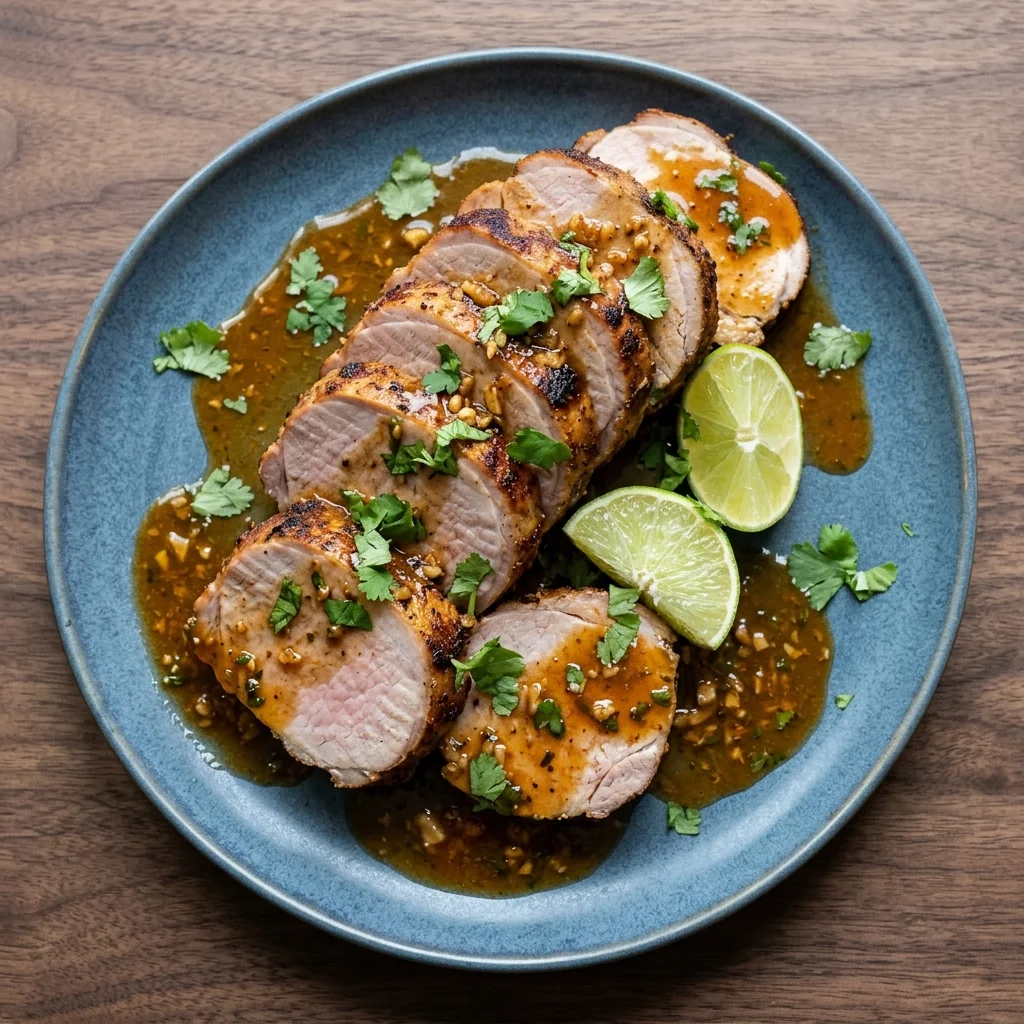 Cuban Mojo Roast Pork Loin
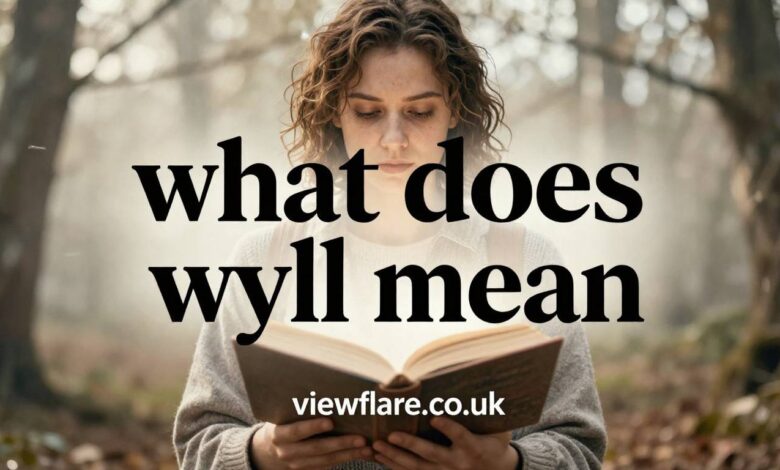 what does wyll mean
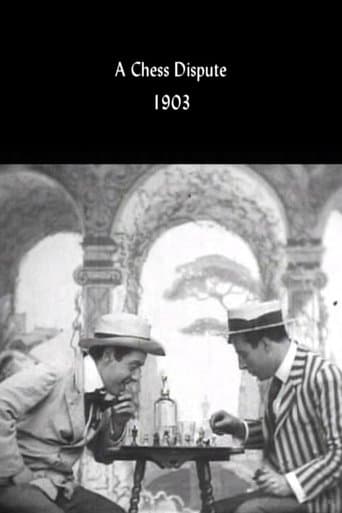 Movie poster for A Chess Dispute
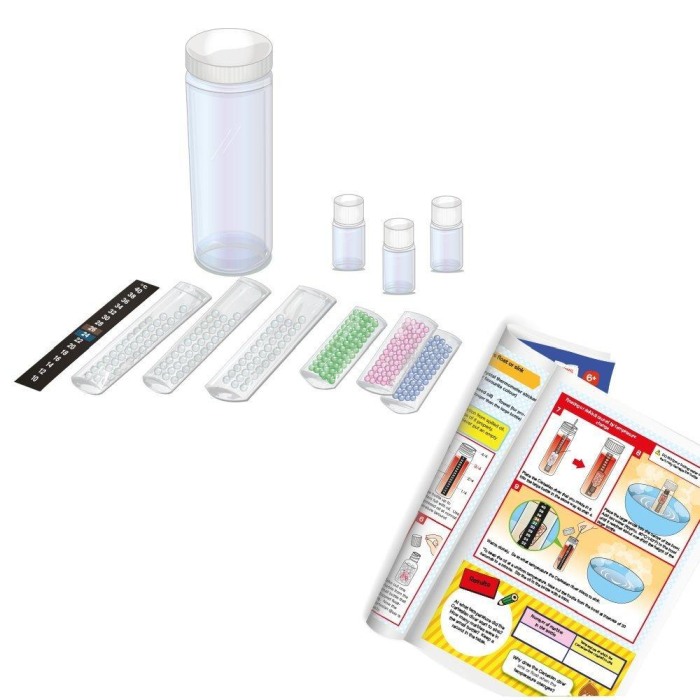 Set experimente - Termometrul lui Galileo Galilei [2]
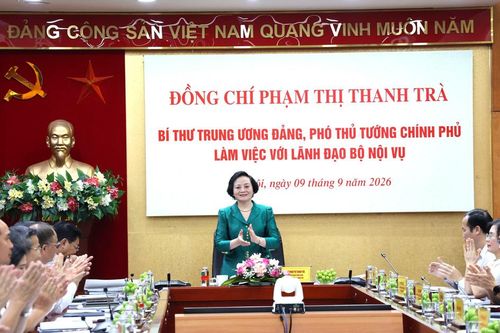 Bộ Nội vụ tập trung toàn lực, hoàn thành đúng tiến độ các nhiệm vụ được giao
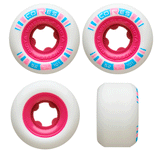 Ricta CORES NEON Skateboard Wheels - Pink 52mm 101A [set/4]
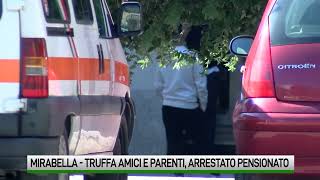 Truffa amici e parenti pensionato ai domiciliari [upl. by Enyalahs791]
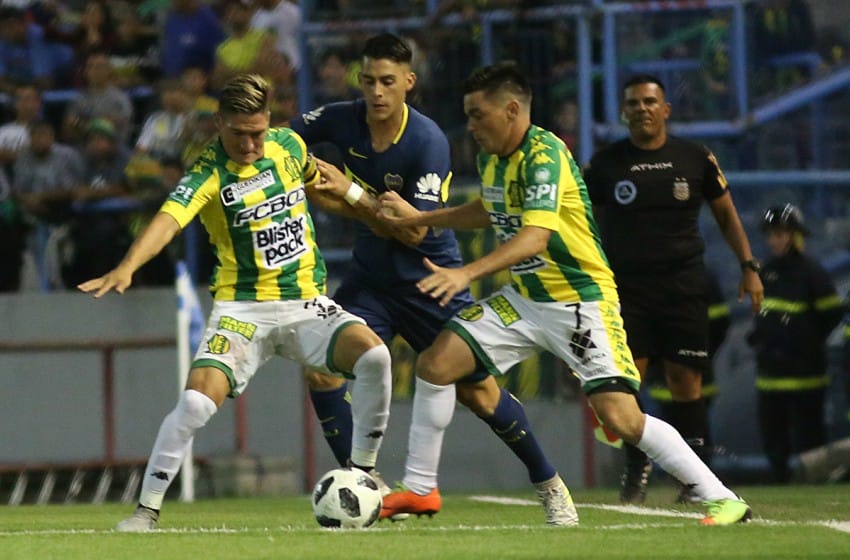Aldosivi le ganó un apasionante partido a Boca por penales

◆ **About this exercise**: Retype precisely, and only, the lines from the one holding "Ricta CORES NEON" through the final line of the data above, with the pictures omitted.

◆ **Exercise solution**:
 Ricta CORES NEON Skateboard Wheels - Pink 52mm 101A [set/4]
 Truffa amici e parenti pensionato ai domiciliari [upl. by Enyalahs791]
Aldosivi le ganó un apasionante partido a Boca por penales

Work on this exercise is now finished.